Greenspan also said the system was simply too complicated for regulators to properly oversee it.

"It's a different world that we have," he said. "The complexity is awesome. And I wish I knew a simple answer to this problem."

During the hearing, panelist and former regulator Brooksley Born accused the Fed of failing to do its part in preventing the financial crisis.

"You appropriately argue that the role of regulation is preventive," Born said. "But the Fed utterly failed to prevent the financial crisis.

The Fed and other banking regulators failed to prevent the housing bubble, they failed to prevent the predatory lending scandal, they failed to prevent our biggest banks and holding companies from engaging in activities that would bring them to the verge of collapse without massive taxpayer bailouts."
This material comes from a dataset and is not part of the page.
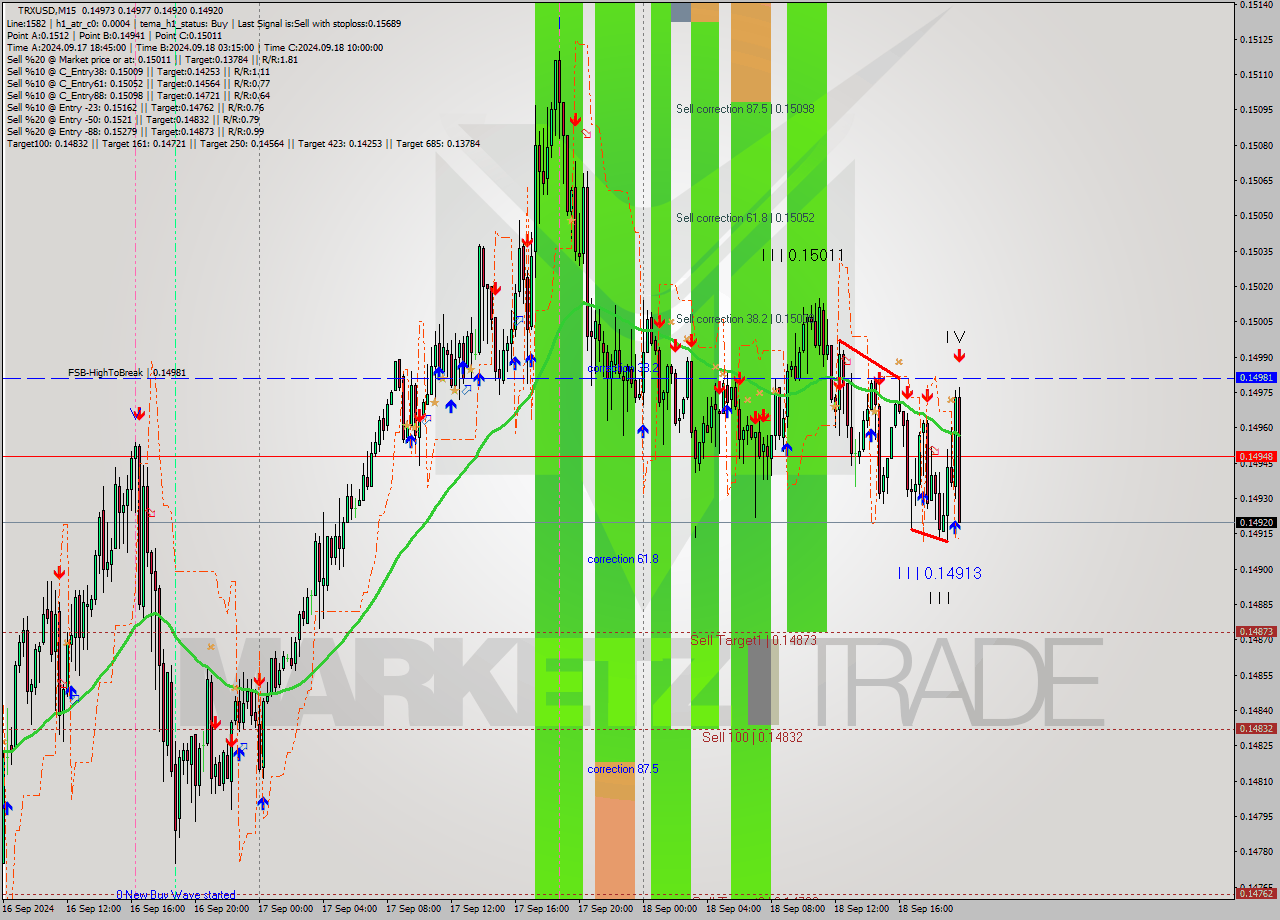 TRXUSD M15 Signal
She added, "Didn't the Federal Reserve fail to meet its mandates, fail to meet its responsibilities?"

In response, Greenspan returned once again to the issue of capital, arguing that the banking system has been undercapitalized for the past 40 years.

"We were undercapitalizing the banking system probably for 40 or 50 years, and that has to be adjusted," he said.

Greenspan also attempted to shift the blame to Congress, arguing that even though lawmakers criticize him now for not making rules to curb certain abusive subprime lending practices, Congress would have been outraged if he had.

He also criticized the credit-rating agencies and a rise in global demand for securitized subprime mortgages.

"If the Fed as a regulator tried to thwart what everyone perceived in, I would say, fairly broad consensus that the trend was in the right direction, homeownership was rising, that was an unmitigated good, then Congress would have clamped down on us," he said. "There is a lot of amnesia that is emerging currently,"

Ultimately, Greenspan suggested that looking back was pointless.

"The issue of retrospective in figuring out what you should've done differently is a really futile activity because you can't, in fact, in the real world do it," he said. "I was right 70% of the time, but I was wrong 30% of time. And there are an awful lot of mistakes in 21 years."